Война с Украиной ведется так, как велась в былые времена какая-нибудь Война за испанское наследство. Явно недостаточная по своим размерам армия, руководимая очередным увешанным звенящими железками фаворитом и разбавленная наемниками с темным прошлым, дает противнику отдельные сражения, давно потеряв стратегические перспективы. Элита балуется импортными погремушками, а в столице страны-агрессора продолжают работать посольства ее противников.
Вагнеровский мятеж имел, собственно, единственную цель — сместить бездарного военного министра и «актуализировать» режим, а не разрушить его. Он был попыткой не убийства, а реанимации системы — но оказался неудачным, поскольку система хочет существовать, а не жить; стагнировать, а не развиваться.
В последние дни часто можно слышать, что за одним мятежом последуют и другие; что Владимир Путин лишился поддержки, а элиты готовы сцепиться в последней схватке; что, может быть, фасад, а может, и фундамент системы пошел трещинами. Я отношусь к таким оценкам скептически.
Несмотря на понесенный имиджевый ущерб, система остается устойчивой. Единственным результатом мятежа явится увеличение числа тех сановников, которые смогут оказывать на Владимира Путина серьезное влияние. Режим был не просто вопиюще неэффективен — он ограничивал возможности маневра и игры для фаворитов, что составляет саму основу зрелого монархического порядка.
Удаление Евгения Пригожина дает элитам знак: теперь позволено намного больше, чем вчера, но красной черты переходить не стоит. Можно бороться за внимание государя, но не против него — и поэтому можно ожидать, что подковёрная борьба усилится, а жизнь «двора» активизируется.
Однако именно «двора», а не императора и не народа. Я не уверен, что кто-то из ближнего окружения всерьез намерен сместить Путина. Появись сейчас новый правитель, он столкнется с необходимостью «разрулить» такое количество проблем, что даже в самом удачном варианте политического будущего у него нет.

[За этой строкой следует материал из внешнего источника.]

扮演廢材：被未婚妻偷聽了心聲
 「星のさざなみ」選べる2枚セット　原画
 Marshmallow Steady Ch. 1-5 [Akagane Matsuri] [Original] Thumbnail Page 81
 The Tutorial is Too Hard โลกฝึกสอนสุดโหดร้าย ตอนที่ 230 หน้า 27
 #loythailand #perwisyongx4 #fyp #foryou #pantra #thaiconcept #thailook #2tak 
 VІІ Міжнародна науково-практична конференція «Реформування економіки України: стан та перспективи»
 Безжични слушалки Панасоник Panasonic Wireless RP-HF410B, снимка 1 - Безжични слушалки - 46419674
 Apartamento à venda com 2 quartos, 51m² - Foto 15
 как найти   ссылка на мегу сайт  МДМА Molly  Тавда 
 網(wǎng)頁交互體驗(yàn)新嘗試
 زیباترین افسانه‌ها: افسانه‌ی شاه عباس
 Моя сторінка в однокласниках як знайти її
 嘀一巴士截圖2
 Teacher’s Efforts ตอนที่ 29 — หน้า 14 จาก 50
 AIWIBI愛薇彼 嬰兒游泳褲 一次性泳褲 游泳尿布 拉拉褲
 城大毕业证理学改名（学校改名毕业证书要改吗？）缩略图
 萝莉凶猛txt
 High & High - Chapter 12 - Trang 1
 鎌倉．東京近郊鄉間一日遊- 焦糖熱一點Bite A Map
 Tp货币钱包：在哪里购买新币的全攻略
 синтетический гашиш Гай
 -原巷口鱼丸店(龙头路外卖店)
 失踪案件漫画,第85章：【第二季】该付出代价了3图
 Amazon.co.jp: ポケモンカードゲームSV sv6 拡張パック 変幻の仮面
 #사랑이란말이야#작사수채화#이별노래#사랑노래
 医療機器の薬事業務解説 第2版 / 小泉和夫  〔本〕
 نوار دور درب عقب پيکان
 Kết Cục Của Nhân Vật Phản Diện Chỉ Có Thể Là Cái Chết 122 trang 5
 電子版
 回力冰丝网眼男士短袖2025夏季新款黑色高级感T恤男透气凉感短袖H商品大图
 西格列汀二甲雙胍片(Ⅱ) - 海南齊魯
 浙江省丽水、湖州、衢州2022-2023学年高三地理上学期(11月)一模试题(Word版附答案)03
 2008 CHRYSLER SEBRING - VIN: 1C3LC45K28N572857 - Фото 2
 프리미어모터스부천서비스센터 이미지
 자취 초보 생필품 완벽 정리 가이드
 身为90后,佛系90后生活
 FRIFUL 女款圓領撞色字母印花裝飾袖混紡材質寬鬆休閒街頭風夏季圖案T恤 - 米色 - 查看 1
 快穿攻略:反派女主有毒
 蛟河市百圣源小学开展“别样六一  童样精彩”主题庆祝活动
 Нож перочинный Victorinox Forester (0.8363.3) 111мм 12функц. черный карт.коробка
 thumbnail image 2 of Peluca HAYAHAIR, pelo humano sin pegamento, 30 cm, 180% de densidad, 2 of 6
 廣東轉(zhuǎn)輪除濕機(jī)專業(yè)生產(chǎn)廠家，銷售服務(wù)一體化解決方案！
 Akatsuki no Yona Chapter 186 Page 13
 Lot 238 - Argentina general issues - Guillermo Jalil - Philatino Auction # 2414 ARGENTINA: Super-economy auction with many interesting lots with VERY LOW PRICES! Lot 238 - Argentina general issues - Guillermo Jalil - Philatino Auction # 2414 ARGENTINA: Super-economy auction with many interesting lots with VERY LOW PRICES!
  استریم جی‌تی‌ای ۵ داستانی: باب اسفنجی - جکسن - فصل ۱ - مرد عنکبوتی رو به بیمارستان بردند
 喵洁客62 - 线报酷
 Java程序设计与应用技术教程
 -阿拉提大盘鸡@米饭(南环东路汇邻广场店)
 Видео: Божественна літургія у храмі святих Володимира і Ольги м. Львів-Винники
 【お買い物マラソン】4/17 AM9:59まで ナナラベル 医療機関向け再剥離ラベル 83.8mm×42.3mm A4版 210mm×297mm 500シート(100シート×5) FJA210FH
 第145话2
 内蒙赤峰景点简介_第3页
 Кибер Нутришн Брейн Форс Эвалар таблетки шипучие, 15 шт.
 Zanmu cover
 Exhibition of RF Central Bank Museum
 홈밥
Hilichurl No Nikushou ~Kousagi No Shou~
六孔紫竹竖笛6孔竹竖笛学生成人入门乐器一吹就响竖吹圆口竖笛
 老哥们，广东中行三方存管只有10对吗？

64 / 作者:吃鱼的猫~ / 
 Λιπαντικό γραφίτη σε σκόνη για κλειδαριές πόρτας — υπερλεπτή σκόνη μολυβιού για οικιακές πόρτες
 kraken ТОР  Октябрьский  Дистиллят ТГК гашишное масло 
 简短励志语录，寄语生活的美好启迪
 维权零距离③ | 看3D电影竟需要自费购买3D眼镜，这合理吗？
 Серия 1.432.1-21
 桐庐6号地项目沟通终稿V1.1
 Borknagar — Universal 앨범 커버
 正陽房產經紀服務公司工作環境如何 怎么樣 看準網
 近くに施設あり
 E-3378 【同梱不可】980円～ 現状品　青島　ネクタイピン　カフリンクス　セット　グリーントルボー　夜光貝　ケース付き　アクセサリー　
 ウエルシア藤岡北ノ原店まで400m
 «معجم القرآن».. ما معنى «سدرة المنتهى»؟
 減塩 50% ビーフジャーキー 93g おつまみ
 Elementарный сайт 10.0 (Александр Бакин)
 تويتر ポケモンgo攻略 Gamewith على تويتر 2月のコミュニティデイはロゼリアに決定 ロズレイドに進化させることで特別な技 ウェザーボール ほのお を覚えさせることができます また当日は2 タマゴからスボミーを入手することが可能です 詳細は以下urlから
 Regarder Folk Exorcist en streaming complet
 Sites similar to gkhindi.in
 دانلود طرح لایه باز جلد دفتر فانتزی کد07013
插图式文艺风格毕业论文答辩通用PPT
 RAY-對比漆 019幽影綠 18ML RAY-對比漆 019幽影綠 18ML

Поэтому я бы поставил на то, что элиты будут расширять степени своей свободы внутри режима, позволив Владимир Путину «переизбраться» в марте 2024 года и довести Россию до окончательного поражения в Украине и глубокого экономического кризиса (на что я бы отвел два-четыре года). Сам он находится в ситуации, когда ему не придет мысль о преемнике: любая потеря контроля (которая в таком возрасте выглядит окончательной) означает утрату не каких-то абстрактных достижений, а свободы и жизни — Rex Emeritus никому не нужен в своей стране, но очень даже востребован Международным уголовным судом. Население не обладает субъектностью: оно в лучшем случае может осуждать или восхищаться, но не действовать.
В отсутствие избирательного процесса и с дезертирством оппозиции за рубеж режим может свергнуть только революция — но недавние выходные показали, что массы (в отличие от 1991 или 1993 года) на баррикады не рвутся.
Бунт Евгения Пригожина ознаменовывает кризис не путинской системы как таковой, а той её формы, которая сложилась к конце 2000-х годов после периода относительно динамичного развития. Полный кадровый застой; остановка экономического роста; «лобовое» противостояние с Западом; патологическая зацикленность на Украине — только часть тех трендов, которые не могут не беспокоить людей, находящихся вне путинского бункера. Элиты вряд ли хотят разрушения сложившегося порядка — таковое сейчас не может принести им выгод — они хотят пусть минимального, но развития, и оно, на мой взгляд, в той или иной мере проявится в ближайшее время.
Путинский режим начал движение по нисходящей — но оно, скорее всего, будет почти таким же медленным, как и его вызревание.